National Post columnist Jonathan Kay is outraged that so many people are outraged with the Maple Leafs.
Referencing a Toronto Star column by Dave Feschuk that called for Leafs GM Brian Burke to apologize to the fans, Kay wrote:
I’m very sorry that the Leafs (apparently) aren’t heading to the playoffs. And no doubt, well-apprised fans have all sorts of ideas for improving the team’s performance. But when did we, as a society, decide that losing at sports is some kind of moral sin — one that requires public shaming, histrionic lamentations, and the sort of grand appeals for “forgiveness” (Feschuk’s word) that we more traditionally associate with the legacy of Indian residential schools? Feschuk informs me that a pair of Leafs gold-section season tickets cost $16,000 per year. That’s a lot of money. But anyone who pays that price isn’t “owed” anything — except the right to be admitted to the arena and watch 60 minutes of NHL hockey.

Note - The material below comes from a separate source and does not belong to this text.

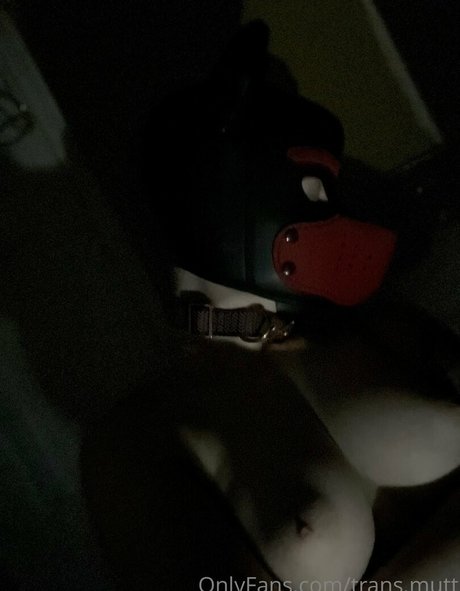 trans mutt perfekte akt galerie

You expect people to get crazy and irrational in the actual heat of sporting competition. What is the act of “rooting for laundry” after all, except an institutionalized, socially acceptable outlet for the thinly suppressed tribal passions and hatreds encoded in our evolutionary psychology? Instead of Hutus and Tutsis, Sunnis and Shiites, we’re Leafs and Canadiens, Cowboys and Steelers. I get that. And in the immediate agony of defeat, it makes sense that we would demand abject “apologies” from our tribal overlords for shaming us in our failed show-battles against rival tribes. But once the players file into their dressing room, it’s time for people to wake up to the amoral reality of modern professional sports. Losing isn’t a sin, just as winning doesn’t make us all better people. No one owes you an apology just because the lions ate the wrong gladiator.
In a related story, Jonathan Kay is a real hit at parties.